Nächster Schritt ist die Beurteilung, ob keine erheblichen Beeinträchtigungen der genannten Umweltziele erfolgen. In unserem Beispiel wäre etwa eine Beeinträchtigung von Umweltziel 6 (Schutz und Wiederherstellung der Biodiversität und der Ökosysteme) gegeben, wenn der Neubau auf unbebautem Land mit anerkanntem hohem Wert hinsichtlich der biologischen Vielfalt und Flächen, die als Lebensräume gefährdeter Arten für Flora und Fauna dienen, erfolgen würde.

Abschließend ist die Einhaltung sozialen Mindeststandards zu prüfen, beispielsweise ob für die eingesetzten Dienstnehmer die einschlägigen Dienstnehmerschutzvorschriften eingehalten werden.

Ist alles erfüllt, ist die wirtschaftliche Tätigkeit von A taxonomiekonform.

Ausblick

Zwei der wesentlichsten Aspekte der weiteren Entwicklungen zur Taxonomie-Verordnung (EUTAX) wurden ohnehin bereits im Beitrag erwähnt: Durch die Ablöse der NFRD durch die CSRD erfolgt eine Erweiterung des Anwendungsbereichs der EUTAX. Zudem ist in naher Zukunft mit den delegierten Rechtsakten zu den übrigen Umweltzielen zu rechnen.

Mit den in der Taxonomie-Verordnung (EUTAX) genannten Umweltzielen soll darüber hinaus auch noch nicht das Ende erreicht sein. Neben Überlegungen zu weiteren Nachhaltigkeitszielen, wie Governance, ist vor allem die Umsetzung einer Sozial-Taxonomie in Arbeit, womit Unternehmen auch beurteilen müssten, wie sozial nachhaltig ihre Tätigkeiten sind[3]

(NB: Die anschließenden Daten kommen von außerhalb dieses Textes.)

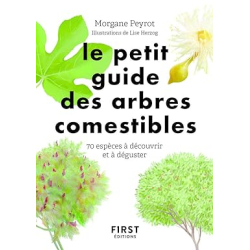 Petit guide des arbres comestibles - Morgane Peyrot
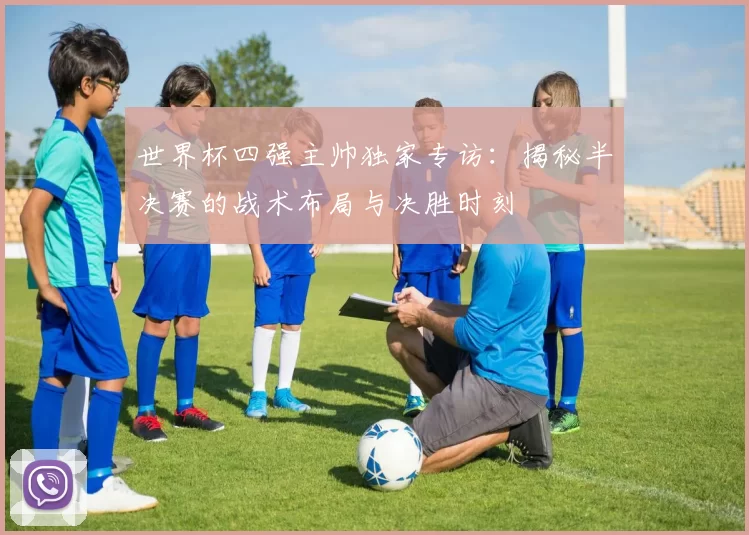 世界杯四强主帅独家专访:揭秘半决赛的战术布局与决胜时刻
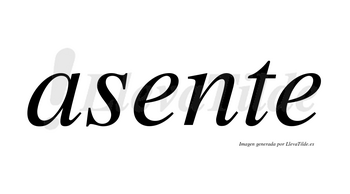Asente no lleva tilde con vocal tónica en la primera «e»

Eins kann daher jedenfalls mit Sicherheit gesagt werden, die EUTAX ist nicht nur gekommen, um zu bleiben, sondern wird in den nächsten Jahren wohl noch erweitert werden.

Autor

Mag. Nikolaus Sauerschnig, LL.M. ist Rechtsanwalt in Kooperation mit Gheneff-Rami-Sommer Rechtsanwälte GmbH & Co KG (Wien).

_________________

Fußnoten:

[1] Zur besseren Lesbarkeit wird im Beitrag die männliche Form verwendet. Die Angaben beziehen sich aber natürlich auf Angehörige aller Geschlechter.